Try it: Without the pictures, write out all the lines below exactly as they appear.

BEGIN Materials provided

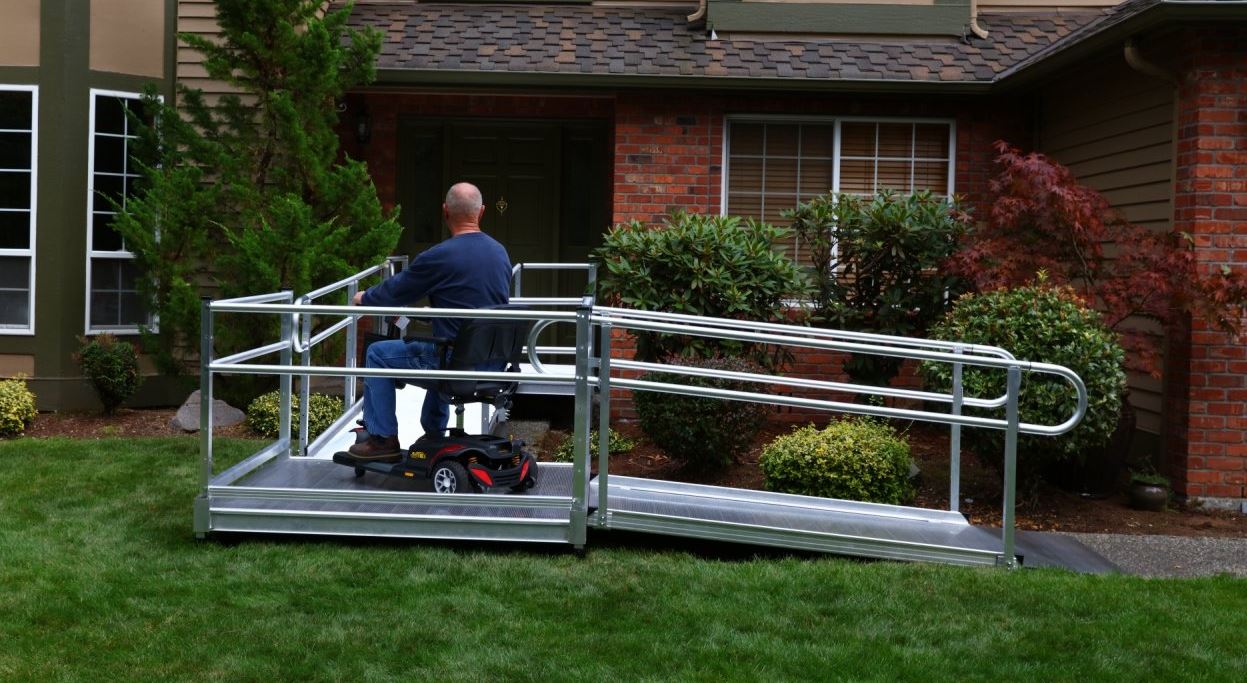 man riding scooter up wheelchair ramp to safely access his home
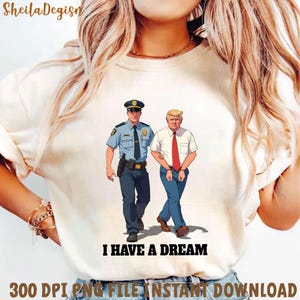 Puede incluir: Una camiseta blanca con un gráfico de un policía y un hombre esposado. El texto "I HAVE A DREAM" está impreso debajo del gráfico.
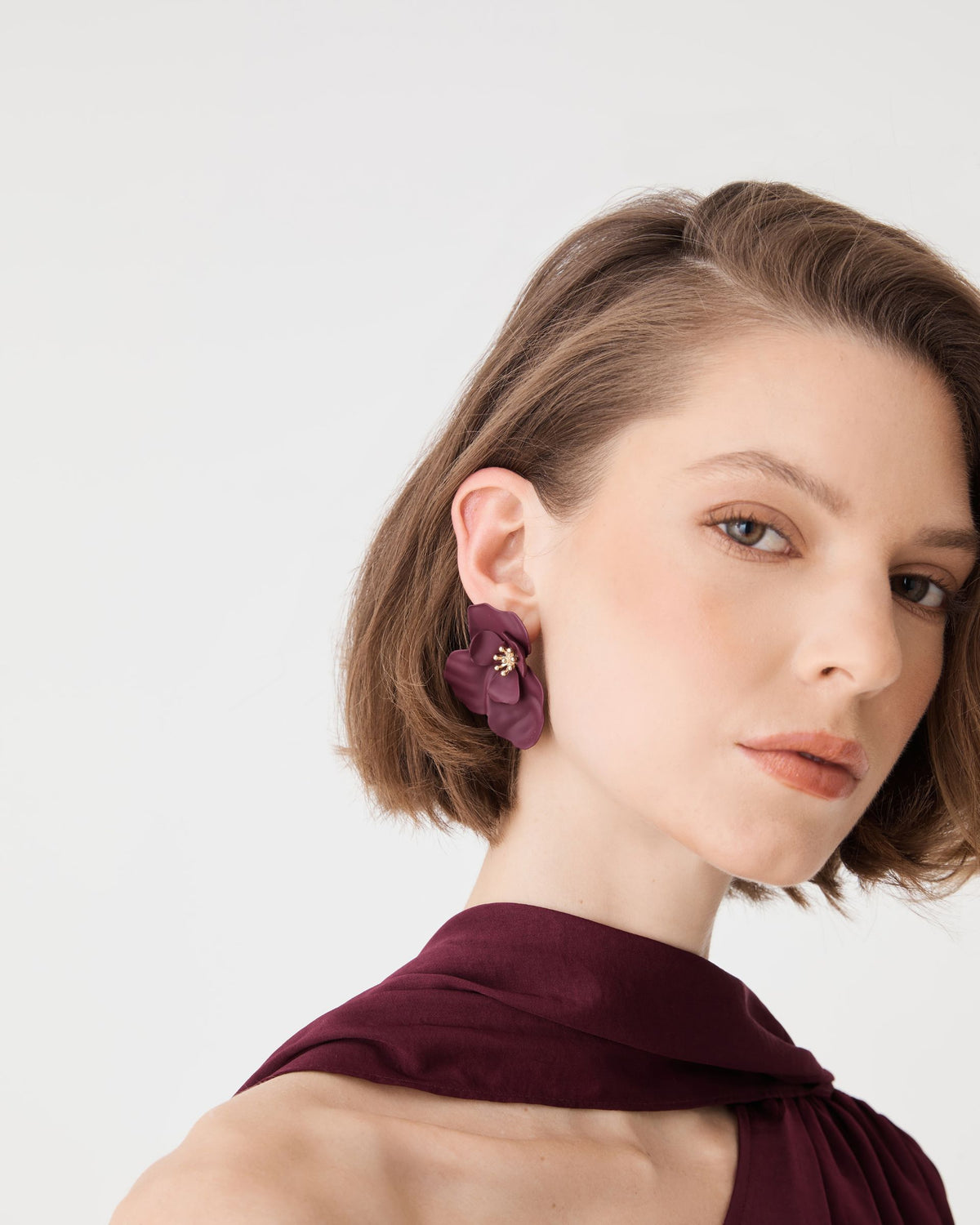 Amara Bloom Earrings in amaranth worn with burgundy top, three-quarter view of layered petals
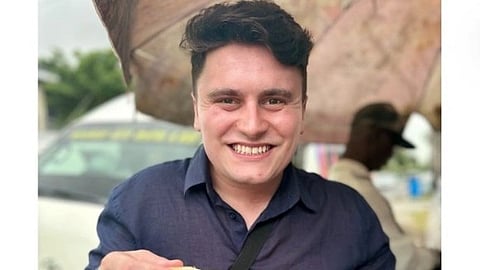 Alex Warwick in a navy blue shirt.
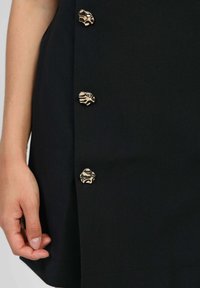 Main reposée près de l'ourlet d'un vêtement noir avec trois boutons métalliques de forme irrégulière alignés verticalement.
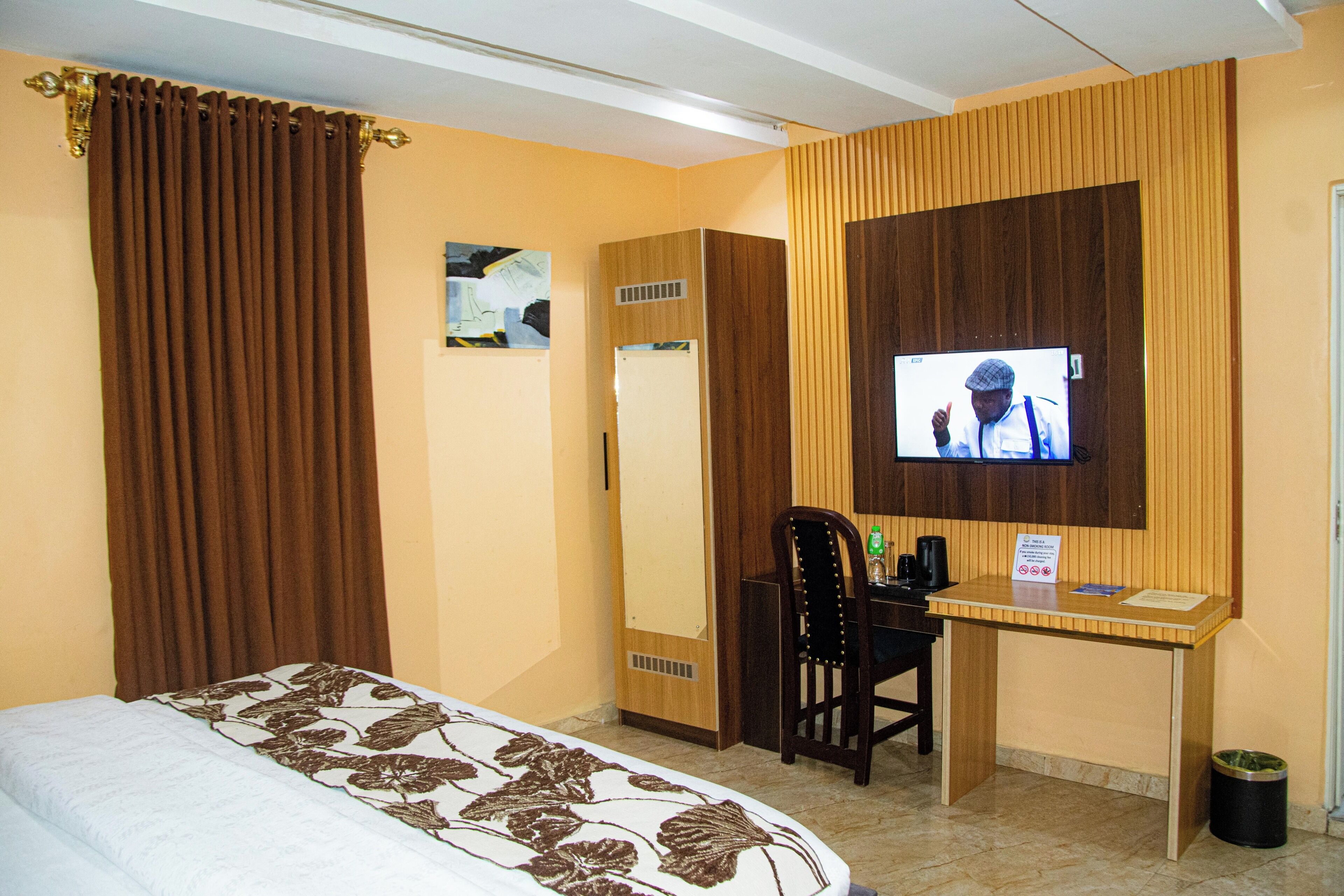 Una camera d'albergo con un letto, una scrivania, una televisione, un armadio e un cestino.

END Materials provided

Output for this exercise:
 man riding scooter up wheelchair ramp to safely access his home
 Puede incluir: Una camiseta blanca con un gráfico de un policía y un hombre esposado. El texto "I HAVE A DREAM" está impreso debajo del gráfico.
 Amara Bloom Earrings in amaranth worn with burgundy top, three-quarter view of layered petals
 Alex Warwick in a navy blue shirt.
 Main reposée près de l'ourlet d'un vêtement noir avec trois boutons métalliques de forme irrégulière alignés verticalement.
 Una camera d'albergo con un letto, una scrivania, una televisione, un armadio e un cestino.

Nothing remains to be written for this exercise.